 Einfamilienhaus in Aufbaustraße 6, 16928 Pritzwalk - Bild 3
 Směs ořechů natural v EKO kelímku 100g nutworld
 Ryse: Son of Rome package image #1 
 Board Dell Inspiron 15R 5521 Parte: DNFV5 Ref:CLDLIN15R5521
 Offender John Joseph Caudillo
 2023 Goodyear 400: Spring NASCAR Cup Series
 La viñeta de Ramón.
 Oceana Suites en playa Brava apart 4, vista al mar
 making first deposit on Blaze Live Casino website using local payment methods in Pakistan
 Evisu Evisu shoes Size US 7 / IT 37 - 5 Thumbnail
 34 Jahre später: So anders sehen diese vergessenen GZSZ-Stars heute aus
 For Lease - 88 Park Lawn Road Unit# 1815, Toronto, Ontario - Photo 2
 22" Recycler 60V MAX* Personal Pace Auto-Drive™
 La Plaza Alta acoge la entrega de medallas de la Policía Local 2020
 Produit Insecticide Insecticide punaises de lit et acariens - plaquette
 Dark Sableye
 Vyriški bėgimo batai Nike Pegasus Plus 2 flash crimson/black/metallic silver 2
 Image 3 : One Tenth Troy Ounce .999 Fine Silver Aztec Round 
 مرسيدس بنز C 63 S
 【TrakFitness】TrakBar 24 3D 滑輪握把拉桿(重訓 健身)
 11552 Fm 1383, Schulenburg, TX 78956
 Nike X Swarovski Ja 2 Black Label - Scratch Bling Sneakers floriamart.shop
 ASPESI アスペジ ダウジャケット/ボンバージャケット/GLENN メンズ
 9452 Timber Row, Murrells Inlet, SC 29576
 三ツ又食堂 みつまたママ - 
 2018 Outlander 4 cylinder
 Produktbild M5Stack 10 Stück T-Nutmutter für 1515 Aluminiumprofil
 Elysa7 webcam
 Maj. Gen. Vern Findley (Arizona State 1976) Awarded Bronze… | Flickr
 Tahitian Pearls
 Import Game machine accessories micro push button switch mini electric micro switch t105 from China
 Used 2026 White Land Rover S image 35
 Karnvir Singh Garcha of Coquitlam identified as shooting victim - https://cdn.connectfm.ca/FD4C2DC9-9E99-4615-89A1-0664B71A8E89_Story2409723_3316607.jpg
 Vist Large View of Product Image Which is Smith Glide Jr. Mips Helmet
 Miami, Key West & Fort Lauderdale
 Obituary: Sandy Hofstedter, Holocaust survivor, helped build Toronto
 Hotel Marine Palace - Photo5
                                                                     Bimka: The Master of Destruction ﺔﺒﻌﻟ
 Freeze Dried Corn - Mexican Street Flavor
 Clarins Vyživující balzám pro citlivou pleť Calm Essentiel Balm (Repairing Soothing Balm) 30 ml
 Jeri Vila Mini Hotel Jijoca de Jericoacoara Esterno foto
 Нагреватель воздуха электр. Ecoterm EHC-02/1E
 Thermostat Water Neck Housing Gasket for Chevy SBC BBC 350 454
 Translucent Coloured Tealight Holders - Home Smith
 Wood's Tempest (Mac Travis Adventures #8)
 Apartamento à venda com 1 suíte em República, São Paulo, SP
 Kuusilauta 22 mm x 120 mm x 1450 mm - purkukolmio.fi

:::::

Return all the data above, unaltered and complete.

 Einfamilienhaus in Aufbaustraße 6, 16928 Pritzwalk - Bild 3
 Směs ořechů natural v EKO kelímku 100g nutworld
 Ryse: Son of Rome package image #1 
 Board Dell Inspiron 15R 5521 Parte: DNFV5 Ref:CLDLIN15R5521
 Offender John Joseph Caudillo
 2023 Goodyear 400: Spring NASCAR Cup Series
 La viñeta de Ramón.
 Oceana Suites en playa Brava apart 4, vista al mar
 making first deposit on Blaze Live Casino website using local payment methods in Pakistan
 Evisu Evisu shoes Size US 7 / IT 37 - 5 Thumbnail
 34 Jahre später: So anders sehen diese vergessenen GZSZ-Stars heute aus
 For Lease - 88 Park Lawn Road Unit# 1815, Toronto, Ontario - Photo 2
 22" Recycler 60V MAX* Personal Pace Auto-Drive™
 La Plaza Alta acoge la entrega de medallas de la Policía Local 2020
 Produit Insecticide Insecticide punaises de lit et acariens - plaquette
 Dark Sableye
 Vyriški bėgimo batai Nike Pegasus Plus 2 flash crimson/black/metallic silver 2
 Image 3 : One Tenth Troy Ounce .999 Fine Silver Aztec Round 
 مرسيدس بنز C 63 S
 【TrakFitness】TrakBar 24 3D 滑輪握把拉桿(重訓 健身)
 11552 Fm 1383, Schulenburg, TX 78956
 Nike X Swarovski Ja 2 Black Label - Scratch Bling Sneakers floriamart.shop
 ASPESI アスペジ ダウジャケット/ボンバージャケット/GLENN メンズ
 9452 Timber Row, Murrells Inlet, SC 29576
 三ツ又食堂 みつまたママ - 
 2018 Outlander 4 cylinder
 Produktbild M5Stack 10 Stück T-Nutmutter für 1515 Aluminiumprofil
 Elysa7 webcam
 Maj. Gen. Vern Findley (Arizona State 1976) Awarded Bronze… | Flickr
 Tahitian Pearls
 Import Game machine accessories micro push button switch mini electric micro switch t105 from China
 Used 2026 White Land Rover S image 35
 Karnvir Singh Garcha of Coquitlam identified as shooting victim - https://cdn.connectfm.ca/FD4C2DC9-9E99-4615-89A1-0664B71A8E89_Story2409723_3316607.jpg
 Vist Large View of Product Image Which is Smith Glide Jr. Mips Helmet
 Miami, Key West & Fort Lauderdale
 Obituary: Sandy Hofstedter, Holocaust survivor, helped build Toronto
 Hotel Marine Palace - Photo5
                                                                     Bimka: The Master of Destruction ﺔﺒﻌﻟ
 Freeze Dried Corn - Mexican Street Flavor
 Clarins Vyživující balzám pro citlivou pleť Calm Essentiel Balm (Repairing Soothing Balm) 30 ml
 Jeri Vila Mini Hotel Jijoca de Jericoacoara Esterno foto
 Нагреватель воздуха электр. Ecoterm EHC-02/1E
 Thermostat Water Neck Housing Gasket for Chevy SBC BBC 350 454
 Translucent Coloured Tealight Holders - Home Smith
 Wood's Tempest (Mac Travis Adventures #8)
 Apartamento à venda com 1 suíte em República, São Paulo, SP
 Kuusilauta 22 mm x 120 mm x 1450 mm - purkukolmio.fi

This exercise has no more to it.